我呕吐得几乎胆汁都快出来了,但是看到这里的惨象还是忍不住的想吐,最后只能无力的倚坐在洞壁上不住的干呕。
我呕得头昏眼花才渐渐缓过一口气来,忍着不适打着手电看那几具尸体,这几具尸体都已经被血水浸透,但是细细分辨我还是看出有三个是老外,而另外几个竟然穿着是战士的衣服。
我想到了王队说的,他的有几个战友还在蚰蜒的巢穴中,其中一个好像叫李斌吧,是王队无论如何也想要救出去的人。
看来······那个李斌应该已经死在这里了吧······不知道哪一个是他。
而这里看起来应该就是蚰蜒的老巢了。
那个大蚰蜒没有将我杀死而是将我带到这里来,是为了喂养它的小蚰蜒?
我也是运气好,估计由于被蚰蜒抓回来的时候受了伤驱虫子的宝血外露,那些小蚰蜒都不敢来动我。不然我应该早就在昏睡的时候就被这些天杀的虫子钻了满身。现在的下场怕是和这几具尸体一样了。
既然我大难不死,现在当然是要马上跑路。就算是小虫子它们怕我,但是那只大的,它可是咬着老子一路过来的,一点都看不出怕老子宝血的样子。
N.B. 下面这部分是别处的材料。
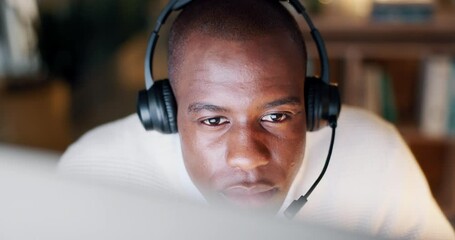 Aufkleber - Man, call center and analysis on computer in technical support, ecommerce solution or night research. African person, agent or IT consultant of information technology, web or software problem solving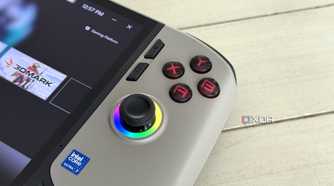 msi claw 8 ai plus closeup of right thumbstick and buttons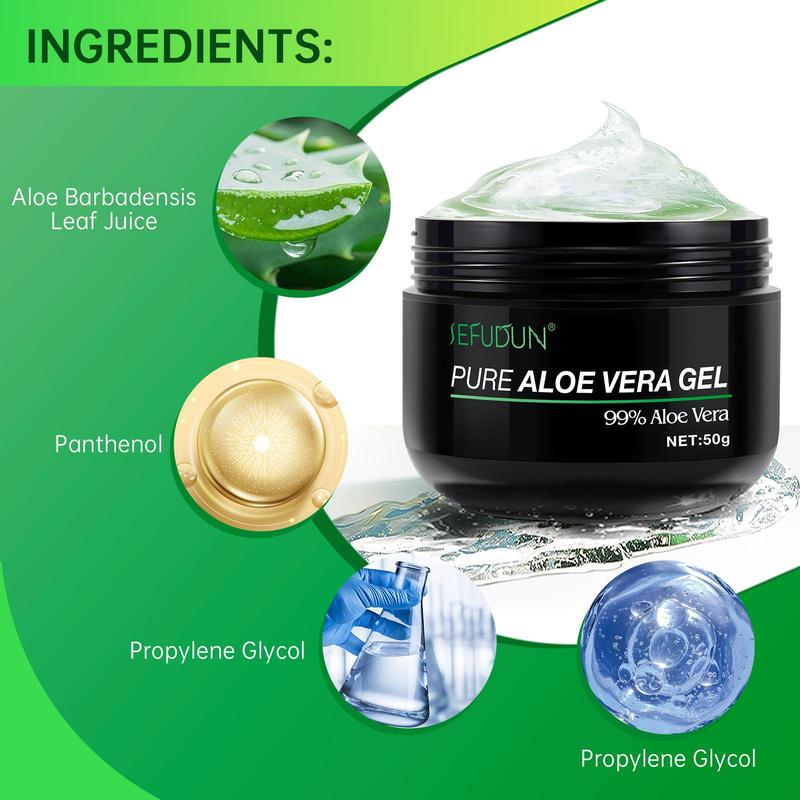 Pure Aloe Vera Gel, 1 Box Moisturizing Body Cream, Hydrating Body Lotion for Soothing Skin, Sun Care Product for Women & Men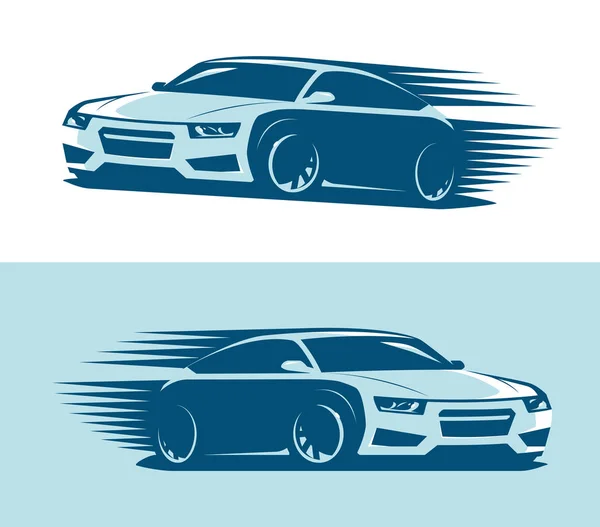 Carro desportivo em movimento, logo. ilustração arte vetorial abstrata —  Vetores de Stock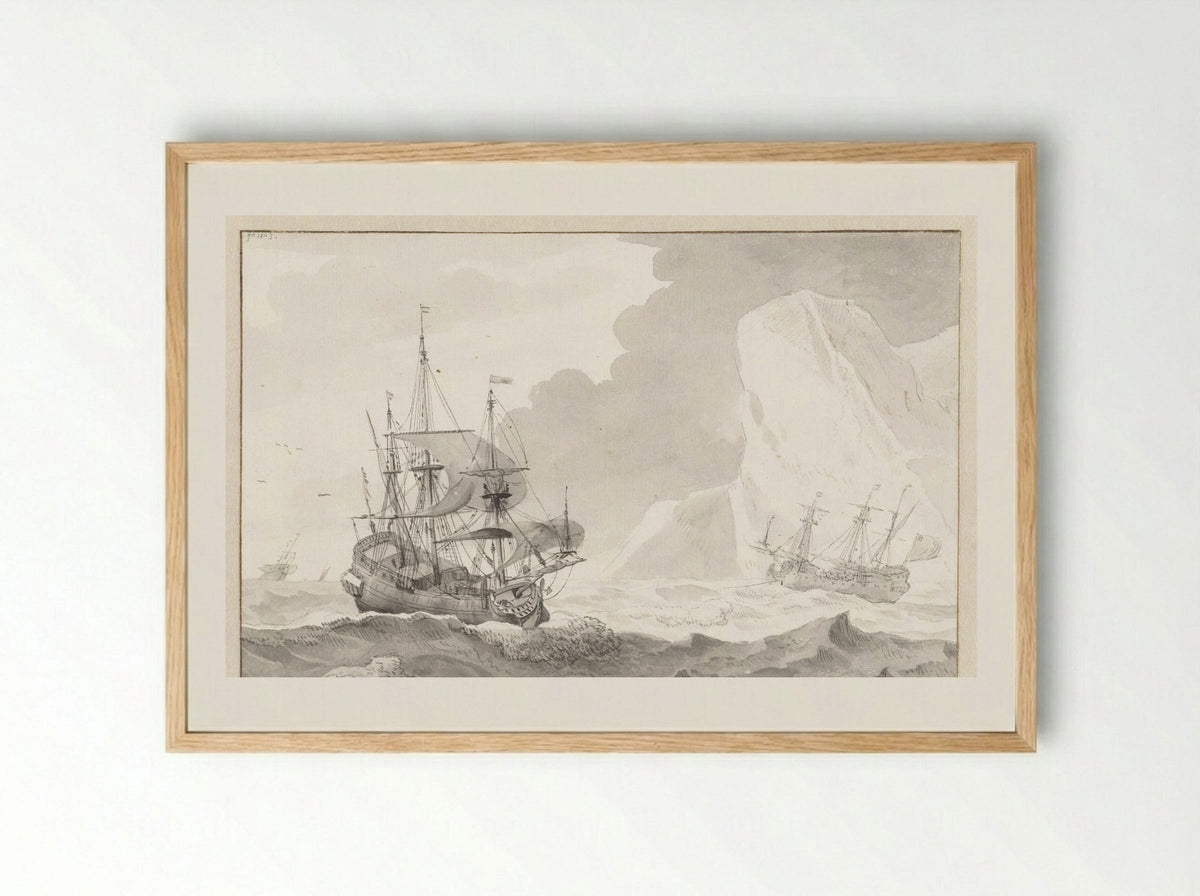 Twee zeilschepen bij een krijtrots - Wigerus Vitringa - Framed Print Wood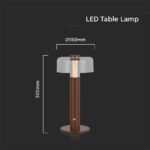 LED Lampă de Masă cu Acumulator 1800mAh 150 x 300 3 in 1 Corp Maro - Image 4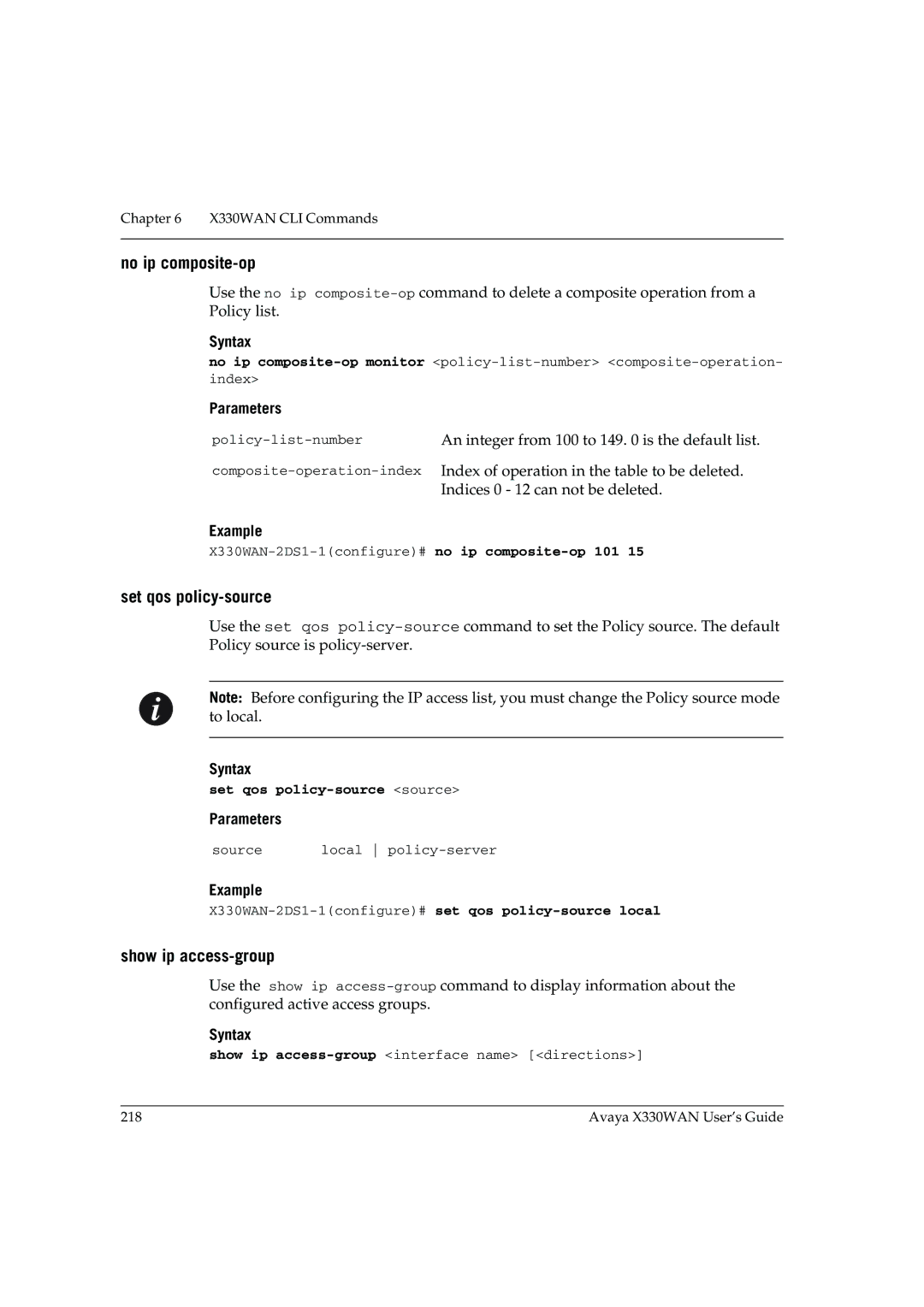 Avaya X330WAN manual No ip composite-op, Show ip access-group, Set qos policy-source source 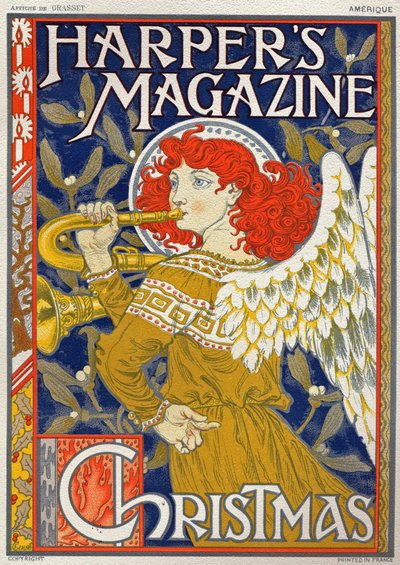 Religión. Ángel de Navidad. Póster de Eugene Grasset para Harper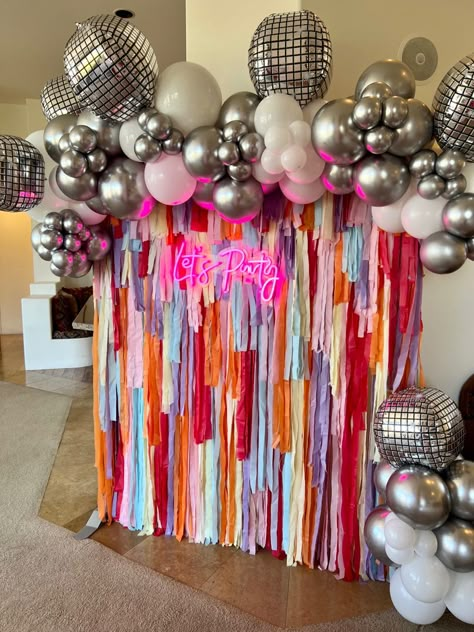 Bach Party Backdrop, 70s Disco Party Backdrop, Last Disco Hens Theme, Wig Party Theme Birthday Decorations, Kesha Themed Party, Disco Party Balloon Garland, Fringe Party Decor, Retro Sweet 16, Last Disco Grad Party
我此时不走,万一它回来看到自己的孩子竟然不吃我,本着一个不浪费的原则自己把我当点心了,我岂不就是死得很惨!
我想到这里,就连忙挣扎起身,打着电筒四下又看了一看,这个洞是通的,左面是一个仅容一个人钻过去的小洞,右面倒是大,我猜应该是蚰蜒来的路。
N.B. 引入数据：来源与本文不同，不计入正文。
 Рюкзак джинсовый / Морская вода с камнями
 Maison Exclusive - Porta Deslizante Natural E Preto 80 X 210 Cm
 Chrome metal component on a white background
我犹豫了一下。左面仅容一个人过,自然不会有大蚰蜒在里面等着我,但是这边这么窄很有可能是一条死路,可能越走越窄最后没有路。而向右面的大洞走,又极有可能遇到那只大蚰蜒,但是这绝对是一条能通向外面的路——不然蚰蜒是怎么进来的。而且就算走这条路也不一定就会遇到那只大蚰蜒,它有可能出去捕食了,出去玩去了,去找母蚰蜒去了······反正我觉得它不可能一直呆在洞里的。
走哪一边呢?
作者有话要说: 谢谢深灰色宝宝,2013369君,小仙女宝宝的有爱评论哦!么么哒!
喜欢的亲亲请多多收藏评论哦!
明天见!
☆、逃命中
我趴在右边那个小洞口看了一下,又感觉了一下,好像有风进来。那这边倒也看起来不是死路。
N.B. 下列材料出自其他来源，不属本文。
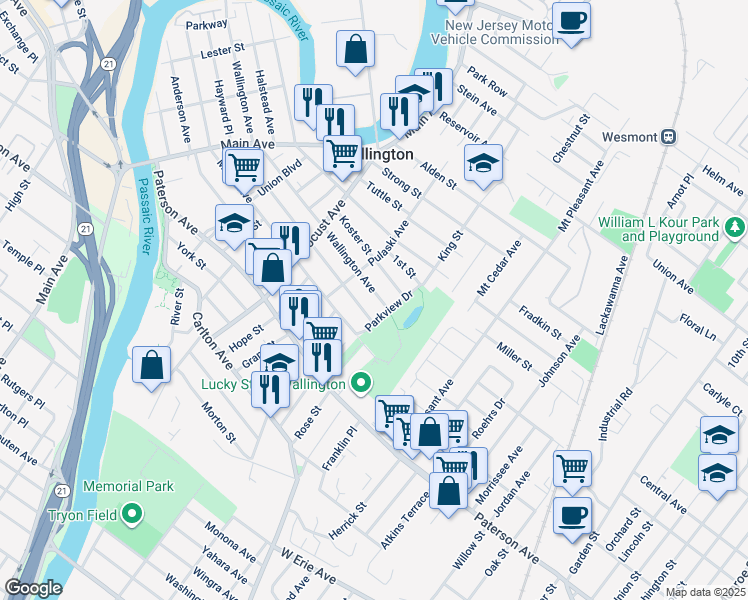 map of restaurants, bars, coffee shops, grocery stores, and more near 314 Wallington Avenue in Wallington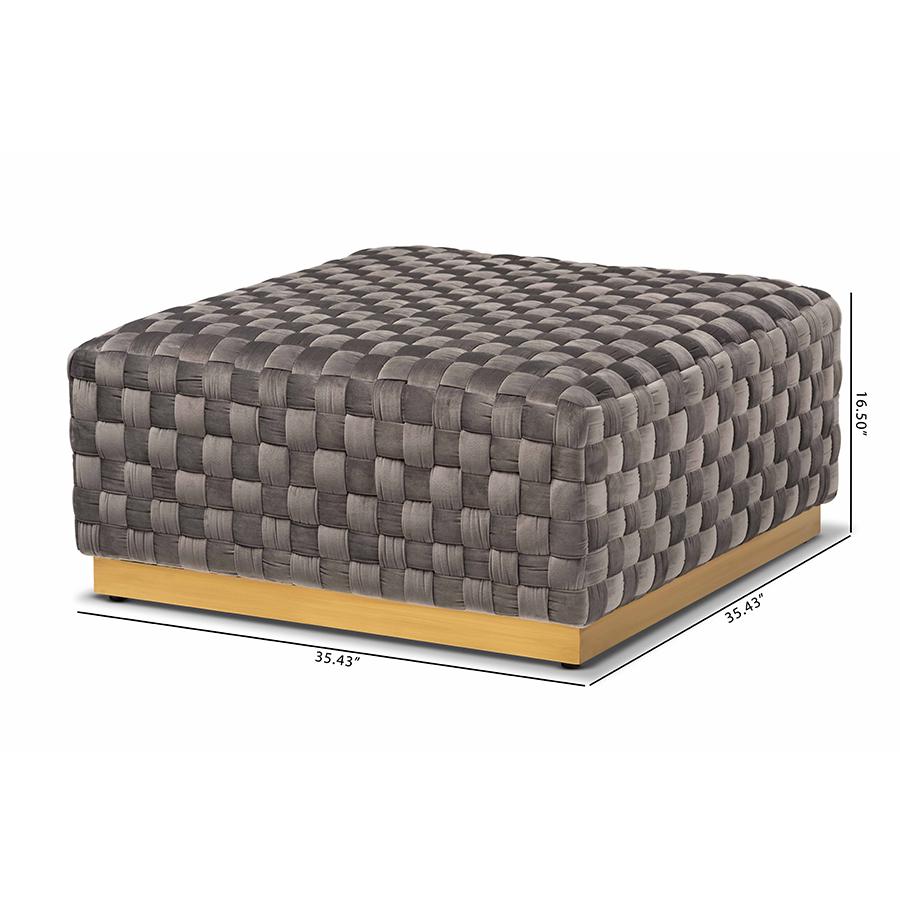 Luxe and Glam Grey Velvet Fabric Upholstered and Gold Finished Square Cocktail Ottoman. Picture 6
我实在害怕回去与那条大蚰蜒狭路相逢。这洞这么窄,老子又只是一个人。老子可干不过它,老子身上这点肉给它做点心都还嫌少······最重要的是老子现在可不能死,死了我家老闷不伤心死啊!他那破样子,估计现在我就是他活下来的唯一意义了,要是知道我死了他肯定也活不成了······
于是我缩着身体将手电叼在嘴里,就去钻那个右边的小洞,钻了半天却钻不进去,我就觉得很奇怪,怎么会钻不进去呢,我刚刚目测它明明就是和我的肩膀差不多大啊,简直就是量身定做给我钻的嘛。
我正奇怪,突然恍然大悟,原来我竟然没有将自己的背包算进去,还背着背包呢怎么进去······真是急糊涂了。
我都被自己都蠢笑了,但是这一下害怕得心理也得到了一些缓冲。我将背包脱下来,将背包的带子栓在我的腿上,然后弓着身体拖着背包慢慢的爬进了洞里。
这个洞真的很窄,我只能趴着一直在洞里爬行。
然而这个洞也相当的······短·····
我爬了两三分钟居然就到了尽头,然后我就在洞口愣住了。
······这个洞的出口竟然是一个悬崖,它就这么突兀的出现在一片一片刀削斧凿一般的悬崖上,下面是深不可测的深渊。
我望着下面的深渊,黑乎乎的深渊里呼呼吹上来带着腥味的冷风,我不由得打了一个寒颤,这·····跳下去肯定是个死啊!我又看看自己所处的这片悬崖,特么这就是一片大石头,根本找不到一个搭手的地方,也没法用攀岩的方法下去。
这特么还就是一条绝路啊!
我在悬崖边上看了半天看着实在是没有路,也只好在山洞里艰难的转了个身又往来路爬去。
既然这里没有路,那我也只有回去沿着那大蚰蜒来的路才能出去了,虽然有可能会遇到蚰蜒,但是老子不怕它······好吧就算是有点怕,但是万一遇不到呢。
再怎么着也要回去闯一闯,难道就在这里等着饿死啊······
吴邪不要怕,你行的!
我在心里给自己打气,就又沿着来路爬回满是尸体与小蚰蜒的地方,在这里我终于可以站直,然后我将背包接下来背好,左手拿着手电,右手拿着那把瑞士军刀,小心翼翼的向左边那个出口走去。
在走了一会以后这个洞慢慢的变小最后变得就和火车差不多大了,我的心也在行走中慢慢的变得稍许平静。
人就是这样,虽然最初的时候是很害怕的,但是害怕久了也就麻木了,虽然危险还是一直都在的,却不怎么害怕了。
我又走了一会,突然听到一阵奇怪的声音。
莫不是那个大蚰蜒吧?!
我连忙的把手电关了,然后紧贴着洞壁把自己掩藏起来。
手电灭了以后我本以为是一片漆黑的,但是在我的前方竟然出现了些许的光。我心里一喜,莫非快到洞口了,我要走出去了?
但是那种奇怪的声音,吱咕吱咕的,西里呼噜的听到就觉得很怪异,我又不敢过去。